• _Your objective_: Print, exactly as written, the line in the entries below that contains "It's a joyful" and every line after it up to and including the last. Omit pictures.

• _Data provided_:
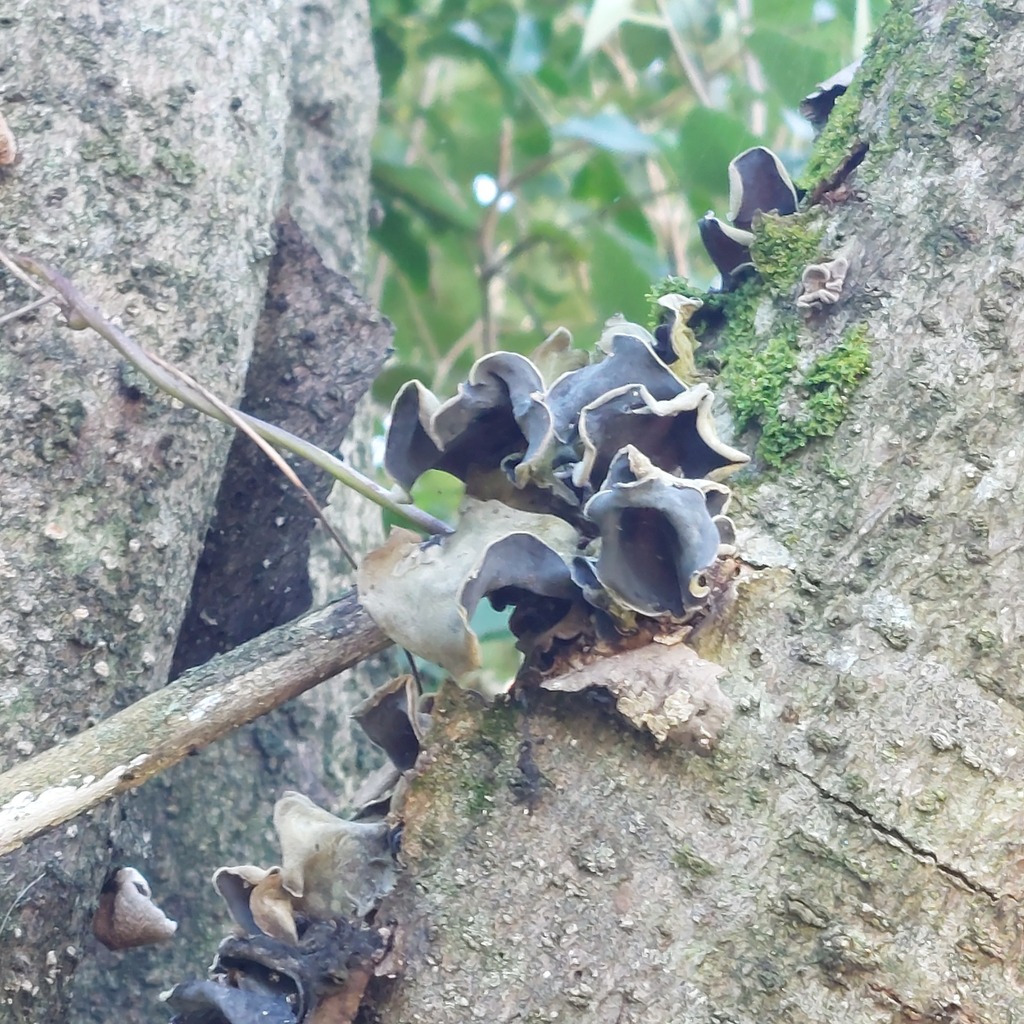 Auricularia cornea · April 2026 · photo: © catchwords (iNaturalist, cc-by)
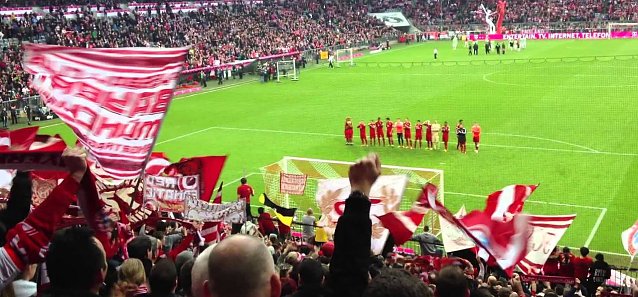 Bild: Fans im Stadion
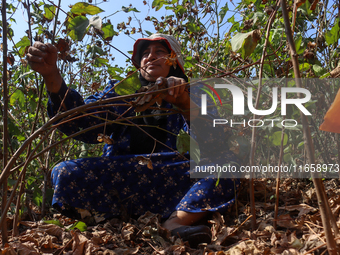 Egyptians harvest ''white gold'' cotton, and women and men participate in the harvest in Sharqia Governorate, Egypt, on October 12, 2024. (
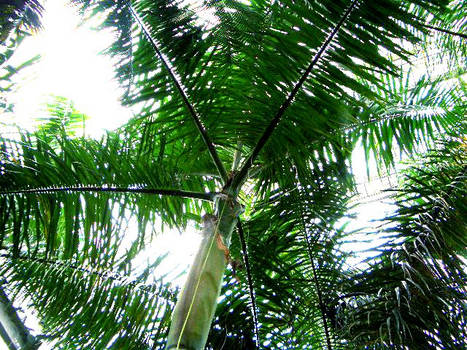 Ceiling of Green II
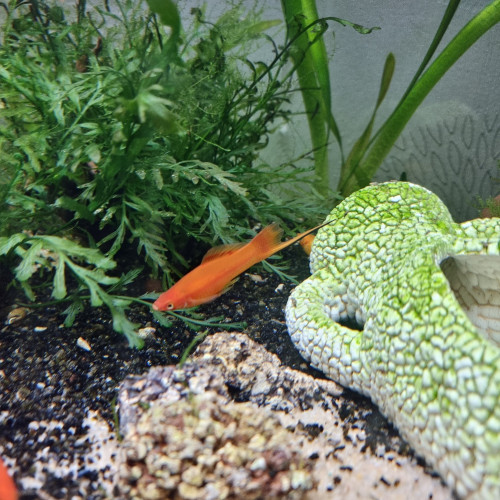 Xipho (Xiphophorus hellerii)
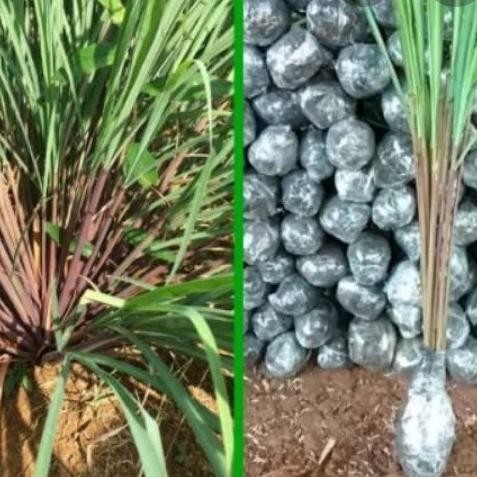 

Terlaris Bibit Tanaman Herbal Sereh Merah Serai Wangi Serai Lanang Sereh Jamu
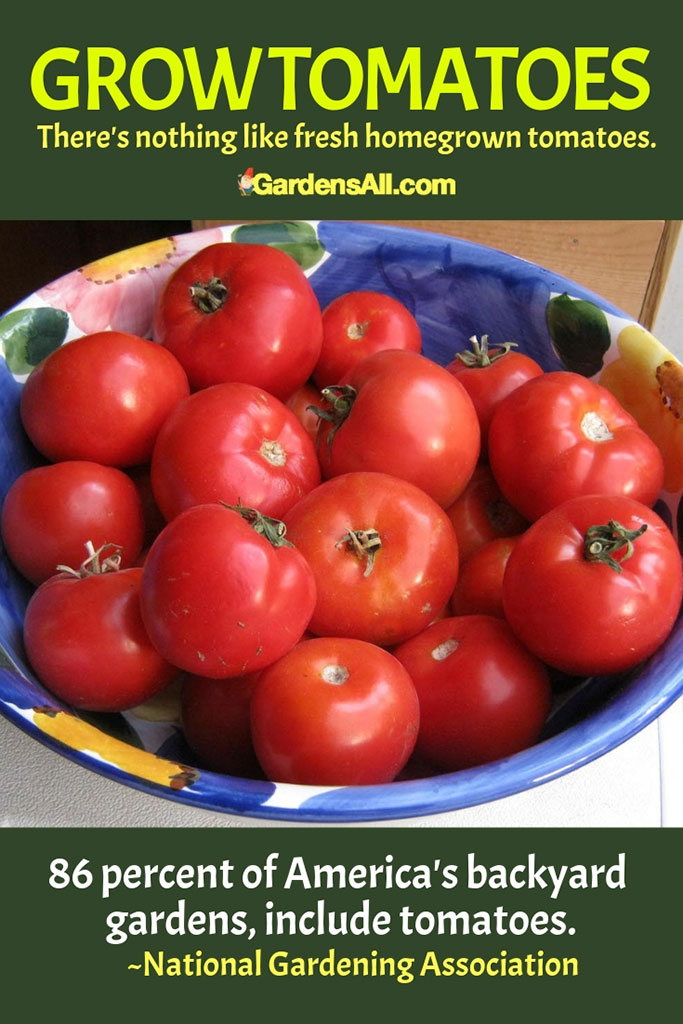 It's a joyful enterprise to raise up a tomato garden from seed to harvest.  #GrowingTomato #GrowingTomatoes #Tomatoes #ContainerGardening #Gardening #Vegetables #DIY
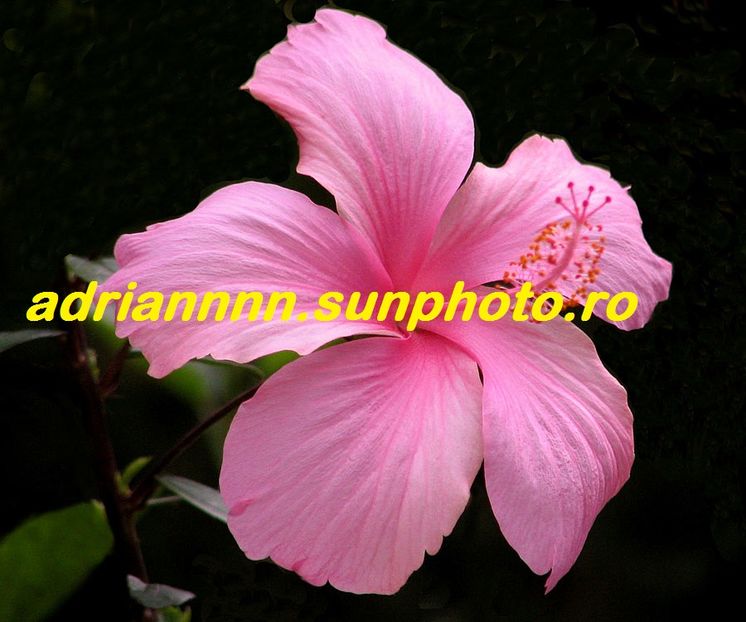 Hibiscus Pink - SEMINTE de HIBISCUS de VANZARE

• _Exercise solution_:
 It's a joyful enterprise to raise up a tomato garden from seed to harvest.  #GrowingTomato #GrowingTomatoes #Tomatoes #ContainerGardening #Gardening #Vegetables #DIY
 Hibiscus Pink - SEMINTE de HIBISCUS de VANZARE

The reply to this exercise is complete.